### Try it
Leave the pictures out and repeat the rest of the data below exactly.

Saved entries
===============

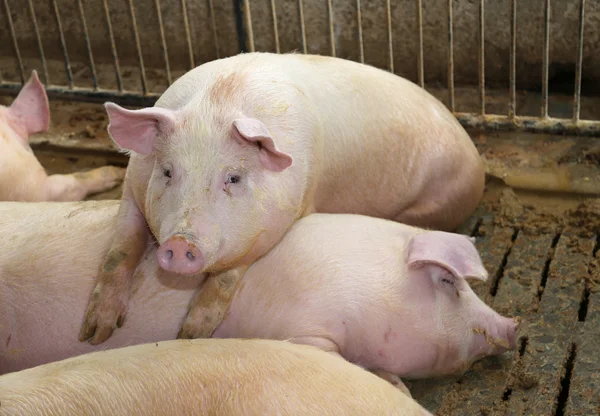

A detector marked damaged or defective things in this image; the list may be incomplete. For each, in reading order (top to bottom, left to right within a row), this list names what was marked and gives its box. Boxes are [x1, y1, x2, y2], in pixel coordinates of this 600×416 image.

rusty metal bar [3, 0, 24, 83]
rusty metal bar [27, 0, 49, 84]
rusty metal bar [51, 0, 73, 89]
rusty metal bar [78, 0, 98, 90]
rusty metal bar [102, 0, 122, 92]
rusty metal bar [126, 0, 148, 94]
rusty metal bar [154, 0, 172, 85]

===============

### Output for this task
A detector marked damaged or defective things in this image; the list may be incomplete. For each, in reading order (top to bottom, left to right within a row), this list names what was marked and gives its box. Boxes are [x1, y1, x2, y2], in pixel coordinates of this 600×416 image.

rusty metal bar [3, 0, 24, 83]
rusty metal bar [27, 0, 49, 84]
rusty metal bar [51, 0, 73, 89]
rusty metal bar [78, 0, 98, 90]
rusty metal bar [102, 0, 122, 92]
rusty metal bar [126, 0, 148, 94]
rusty metal bar [154, 0, 172, 85]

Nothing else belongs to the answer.